4.5 out of 5 stars

The Power of the Dog is several things at once: an upending of long-held western tropes about tough guys and masculinity, and a psychological study of complex characters. But also, and perhaps most assuredly, it’s a reaffirmation of Jane Campion’s status as a top-tier filmmaker. As her first film on the big screen after a 12-year absence since Bright Star (2009), The Power of the Dog continues to explore one of Campion’s usual themes: longing. 

Phil Burbank (Benedict Cumberbatch) and his brother George (Jesse Plemons) are wealthy ranch-owners living in 1920s Montana. Despite being complete opposites (Phil is a tough, cold, loud cowboy; George is a quiet, kind man who handles their business concerns), the siblings seem inseparable. They even sleep in the same bedroom! That is until George meets Rose Gordon (Kirsten Dunst), the owner of a bed-and-breakfast the brothers stay at after a cattle drive. George soon becomes smitten with Rose, while Phil bullies Rose’s gangly son Peter (Kodi Smit-McPhee).

When Rose and George decide to get married, young Peter moves into the Burbank brother’s home, where it becomes clear Rose hasn’t been welcome by her new brother-in-law Phil. But in Campion’s take on the western mythos, not everything is as it seems, for that would be too easy. Phil and Peter develop an odd relationship, somewhat mirroring that of Phil and his dead mentor Bronco Henry. Phil mentions Henry all the time and even keeps a garment of his on him; and although the film never outright says that Phil and Bronco were gay lovers, it’s heavily implied. 

Peter, although hesitant, takes a liking to being brought under Phil’s wing, despite the fact Phil keeps terrorising his mother. Or maybe it’s because of his bullying that Peter wants to get closer to Phil. Phil and Rose long for a time from before—Phil’s past with Bronco and Rose’s life before moving into the Burbank house.
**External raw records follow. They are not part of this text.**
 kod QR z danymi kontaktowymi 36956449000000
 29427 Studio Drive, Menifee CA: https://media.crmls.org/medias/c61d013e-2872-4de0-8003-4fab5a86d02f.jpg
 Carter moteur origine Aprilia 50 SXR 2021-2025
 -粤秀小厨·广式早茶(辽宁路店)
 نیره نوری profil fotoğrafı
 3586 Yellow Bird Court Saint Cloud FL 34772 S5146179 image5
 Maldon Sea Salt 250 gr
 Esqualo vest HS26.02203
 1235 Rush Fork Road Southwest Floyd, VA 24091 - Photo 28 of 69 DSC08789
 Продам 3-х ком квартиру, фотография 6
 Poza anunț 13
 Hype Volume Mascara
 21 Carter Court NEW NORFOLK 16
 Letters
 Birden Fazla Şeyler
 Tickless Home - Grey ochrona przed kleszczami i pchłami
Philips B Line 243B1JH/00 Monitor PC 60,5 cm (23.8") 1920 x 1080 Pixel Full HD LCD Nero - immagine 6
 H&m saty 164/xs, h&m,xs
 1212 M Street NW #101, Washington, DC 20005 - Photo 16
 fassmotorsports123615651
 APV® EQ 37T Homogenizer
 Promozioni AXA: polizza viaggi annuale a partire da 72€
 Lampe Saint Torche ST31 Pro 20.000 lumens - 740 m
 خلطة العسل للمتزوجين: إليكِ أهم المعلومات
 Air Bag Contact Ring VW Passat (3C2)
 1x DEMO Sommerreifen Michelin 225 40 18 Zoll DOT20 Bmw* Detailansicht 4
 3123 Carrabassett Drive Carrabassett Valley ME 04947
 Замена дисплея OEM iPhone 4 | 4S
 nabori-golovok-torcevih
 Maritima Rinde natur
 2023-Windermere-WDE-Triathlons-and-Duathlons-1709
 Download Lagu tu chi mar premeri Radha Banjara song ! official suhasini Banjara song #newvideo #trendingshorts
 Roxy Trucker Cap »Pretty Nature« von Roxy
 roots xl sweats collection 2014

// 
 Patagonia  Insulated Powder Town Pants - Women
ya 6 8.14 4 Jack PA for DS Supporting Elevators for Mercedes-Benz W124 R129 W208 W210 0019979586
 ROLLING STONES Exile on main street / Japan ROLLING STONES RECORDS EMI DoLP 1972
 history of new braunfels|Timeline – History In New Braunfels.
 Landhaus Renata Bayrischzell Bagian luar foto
George and Peter long for a time that has yet to happen—George for a settled-down life with his wife, Peter for a time when he and his mother can move about in peace. All four characters are desperately yearning for a different situation. 

Cumberbatch turns in his greatest performance yet, one that should put him at the forefront of the ‘Best Actor’ race at the Academy Awards. It’ll be tough for him to beat some of the showier performances out there this year, but his work as a tortured, and tortuous, figure deserves recognition. As does the supporting work of Dunst and Smit-McPhee, both of whom transform dramatically, but gradually, over the course of the film. Dunst begins as a composed, hard-working business owner into an alcoholic, manic-depressive housewife. Smit-McPhee starts out as an odd, out-of-his element kid into something more… sinister.

As usual, Plemons provides steady support work here as well. He’s not as fiery or funny as he’s been in other, bigger roles, but he does a good job. His streak of appearing in ‘Best Picture’ Oscar nominees should extend to a fifth consecutive year (and six of the last nine!) following roles in The Post (2017), Vice (2018), The Irishman (2019), and Judas and the Black Messiah (2021). However, this could finally be the first Best Picture-winning film on the list. 

The Power of the Dog certainly has the ingredients to become a ‘Best Picture’ winner. Technically, it’s impressive. With her native New Zealand standing in for the mountain valleys of Montana, Campion and cinematographer Ari Wegner frame the ranch as simultaneously beautiful and foreboding. Composer Jonny Greenwood from Radiohead also comes through with his second impeccable score of the year, following his work on the Princess of Wales biopic Spencer (2021).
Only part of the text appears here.